Vacation vs. Long-Term Rental Profits by Bedroom Count by City
This study interprets vacation rental data to determine whether it is more lucrative for a property owner to rent their unit as a vacation or long-term rental. This study assumes 50% operating expenses across all cities. However, vacation rentals can have extra operating expenses compared to long-term rentals, as property owners typically cover utilities such as internet and electricity.
While this study differentiates based on bedroom count, it does not distinguish between property size and type. Different land, features, and other amenities can also impact these data. This idea is especially true with three and four bedroom properties, as they commonly have amenities such as pools, yards, finished basements, and views, that increase the amount a property owner can charge.
This study focused on how rental property owners across the largest 50 U.S. cities can maximize rental profits. To calculate the long-term rental median by bedroom count, we analyzed over 1.6 million rental listings created on RentHop between March 1, 2022 and August 31, 2022. We then calculate the monthly net operating income by bedroom count based on 50% operating expenses. For the purpose of this study, we included only one-bedroom, two-bedroom, three-bedroom, and four-bedroom properties.

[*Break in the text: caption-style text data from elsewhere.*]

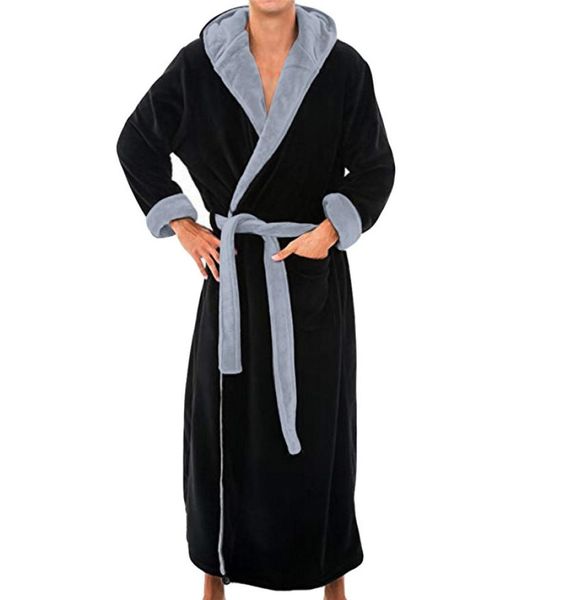 

men winter extra long bathrobe mens warm flannel long kimono bath robe coat male bathrobes night dressing gown home clothes 45b9196459, Black;brown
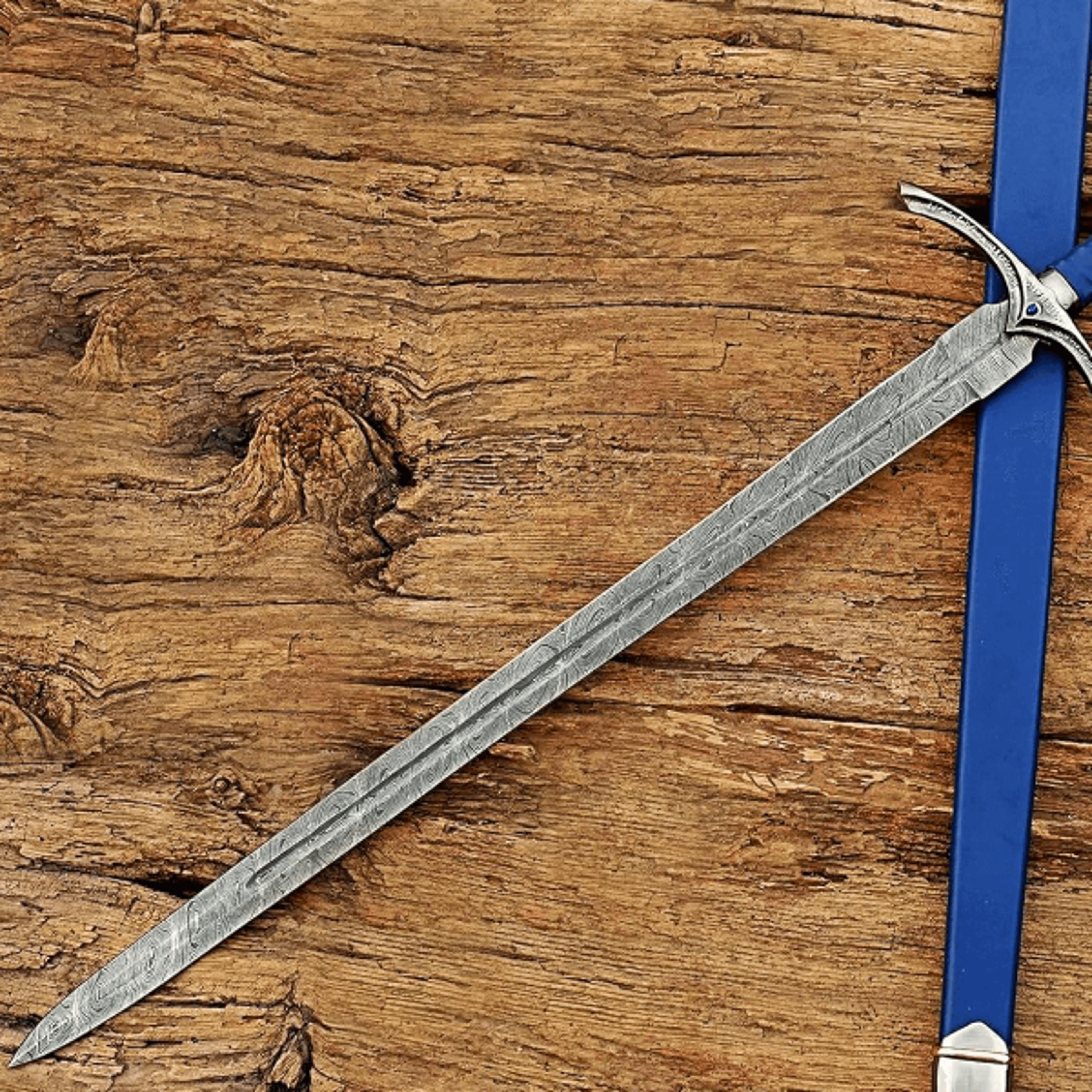 steel glamdring sword, foe hammer - handmade damascus steel medieval sword with leather sheath
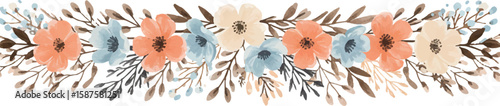 Nature-themed horizontal divider with wildflowers and branches, balanced and stylized, Adobe Illustrator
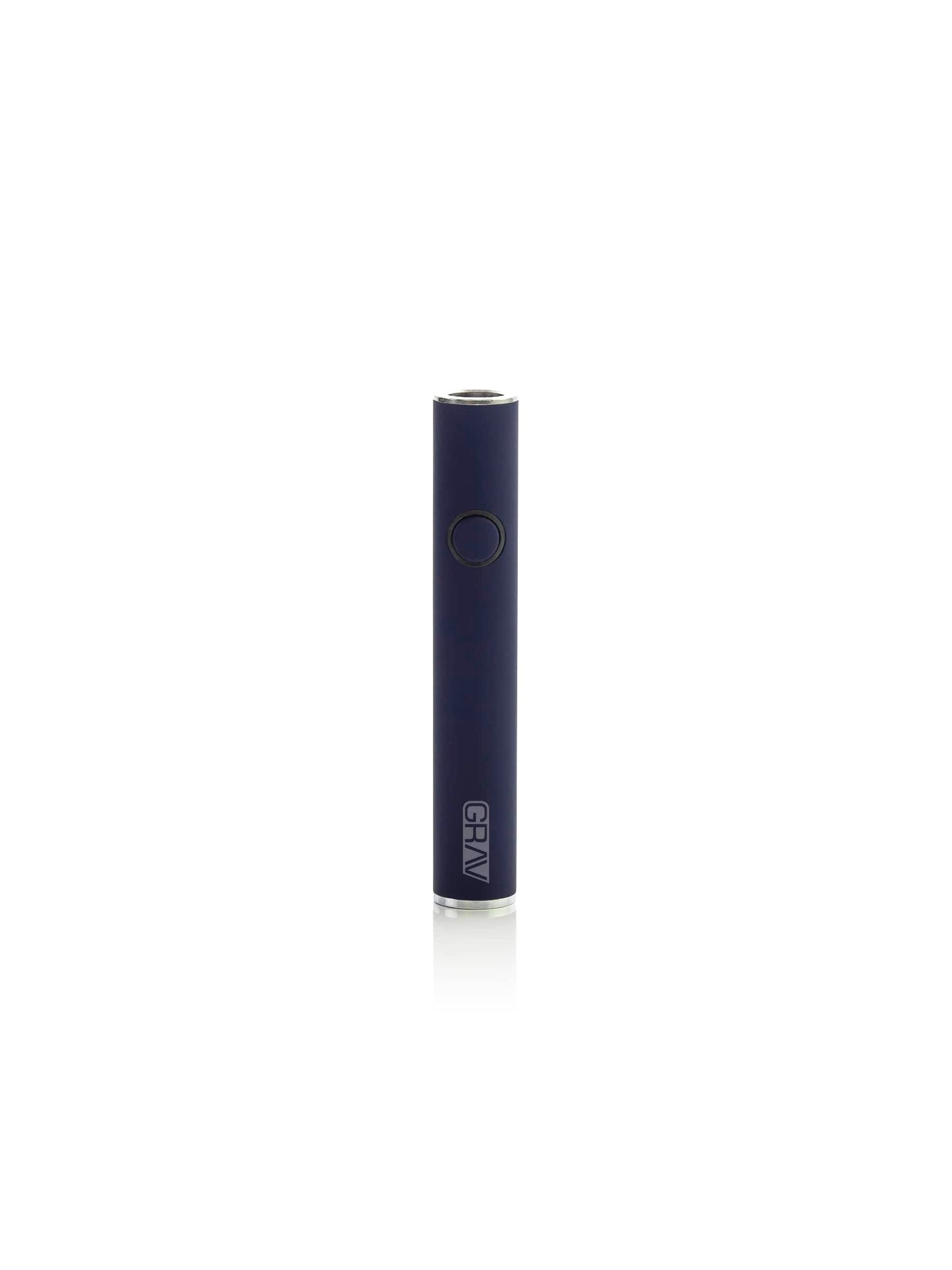 A front-profile view of the GRAV® Micro-Pen Battery in Midnight Blue. The image displays the device in a sophisticated, dark navy matte finish. This discreet colorway emphasizes the Micro-Pen’s dual-activation design and versatile 510-thread compatibility for on-the-go sessions.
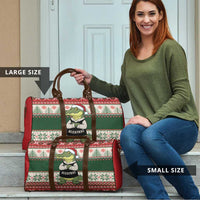 Funny Christmas Alligator Santa Travel Bag Knitted Pattern - Wonder Print Shop
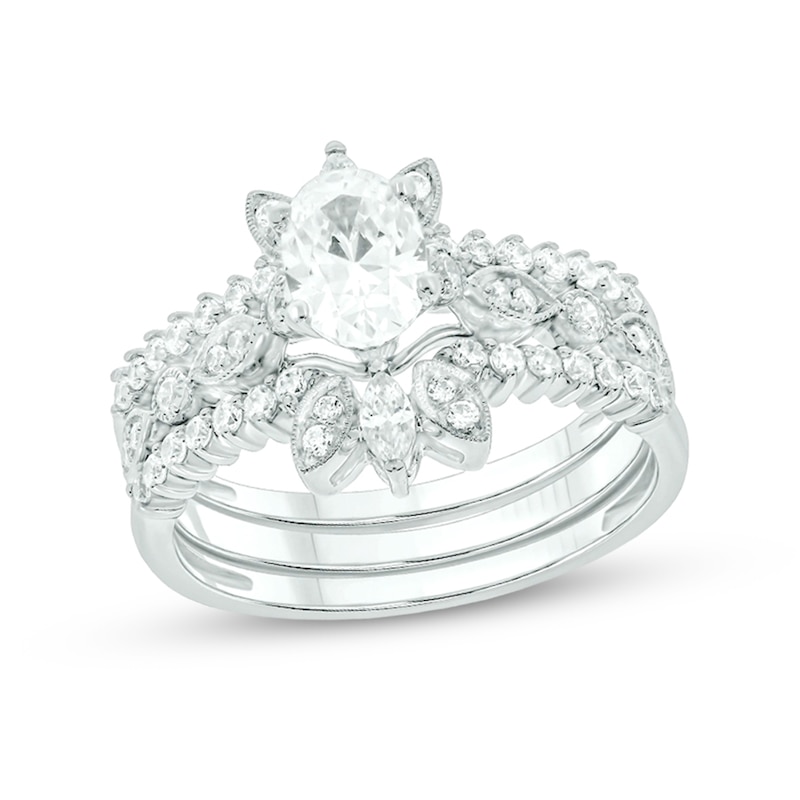Main Image 1 of 1 CT. T.W. Oval Diamond Vintage-Style Three Piece Bridal Set in 14K White Gold (I/I2)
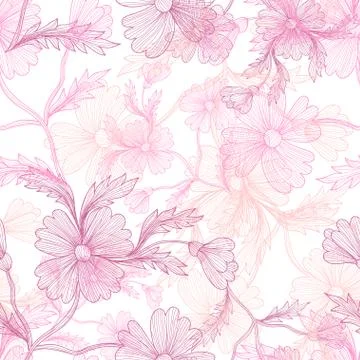 Seamless pattern with pink flowers, for invitations, cards, scrapbooking, print Illustrazione stock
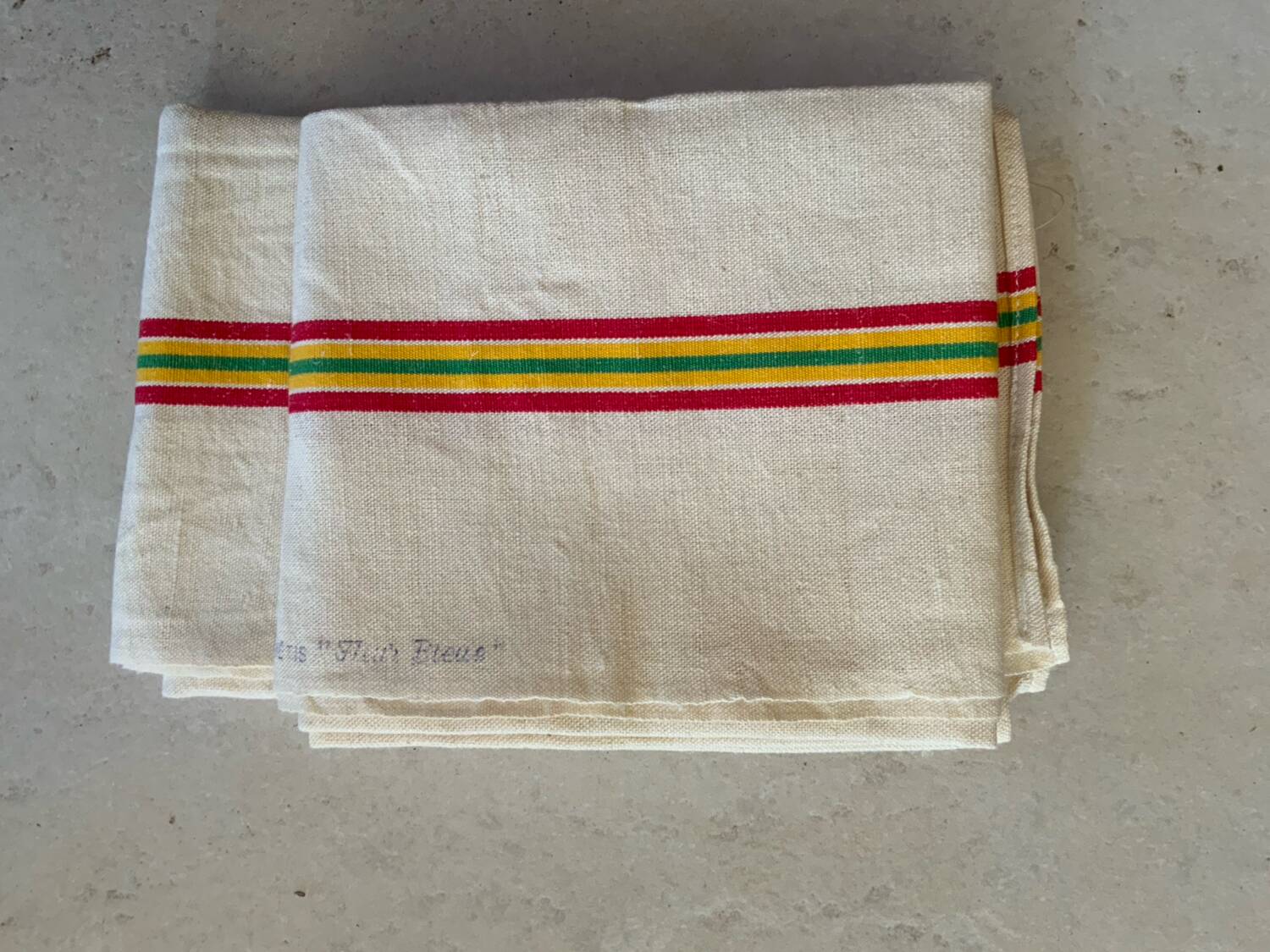 Duo of new mixed tea towels in linen and cotton, XL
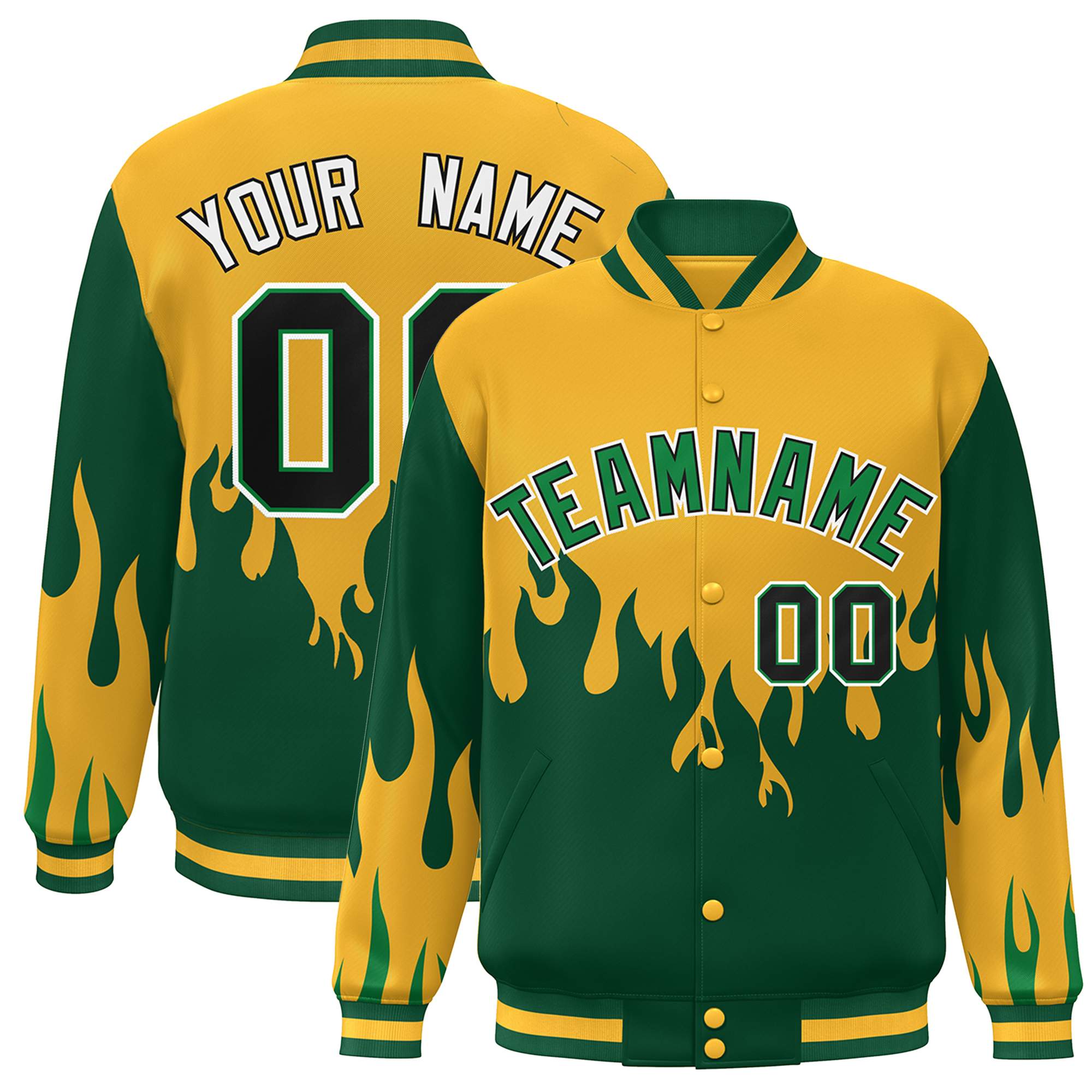 Custom Gold Green-White Flame Graffiti Pattern Bomber Varsity Full-Snap Jacket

Monthly vacation rental net operating income was calculated using data supplied by AirDNA, including daily average rates, total nights booked, and available listings between March 2022 and August 2022. We assumed 50% operating expenses for property owners to run a vacation rental. In addition, to fairly compare vacation rental and long-term rental profits, only entire-unit vacation rental bookings were included in the dataset.